Markey didn’t want or need to lose weight, but she quickly shed 10 pounds and weighed less than she had since her first year of high school. Since she found food nauseating, she got the nutrients she needed by ingesting liquid calories — drinking smoothies and switching to whole milk — the opposite of what she usually advises people to do when they want to lose weight.

“It’s sad that people assume any time you’re losing weight, it’s a good thing. And it’s not, necessarily,” she said.

2. You’ll likely gain the weight back.

Both Markey and Feuer said they eventually returned to their normal weight.

“Your head sort of switches to… ‘I want to lose weight in the right way’ and do it because I want to feel good again and get my life back on track,” Feuer said.

3. Sleep, eat right and exercise.

Don’t skip meals, stay active to help with your anxiety and try to get enough rest, Feuer advised. If you can’t sleep, seek a doctor’s help, she added. Yoga and meditation can be particularly soothing during this stressful time.

Take care of yourself by getting emotional support from friends and family, the American Psychological Association advises.

4. Ask for help

As in many situations, women are apt to put themselves last, Markey said. Ignoring your own needs will make everything more difficult, especially if you’re tired, hungry or stressed. Ask for help and be specific — “Could you watch my kids this afternoon?” — because friends often don’t know what help to offer.

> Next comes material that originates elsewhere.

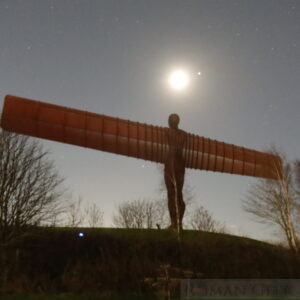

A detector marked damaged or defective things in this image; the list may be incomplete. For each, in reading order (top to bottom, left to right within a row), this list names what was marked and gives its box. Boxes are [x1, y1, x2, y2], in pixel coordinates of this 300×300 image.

rusty weathered metal [0, 95, 282, 179]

5. Think of divorce as an opportunity to start again.

Even if they want a divorce, people are often sad when it happens. Feuer tries to have them focus on new opportunities that wouldn’t be possible if they had stayed in the marriage.

“I try to help them see this is a time they can really have the life they always wanted. Because sometimes being in a marriage, especially in an unhappy marriage, held you back from some of the things you wanted to do,” she said. “It’s your opportunity to reflect. What is it you really want out of life?”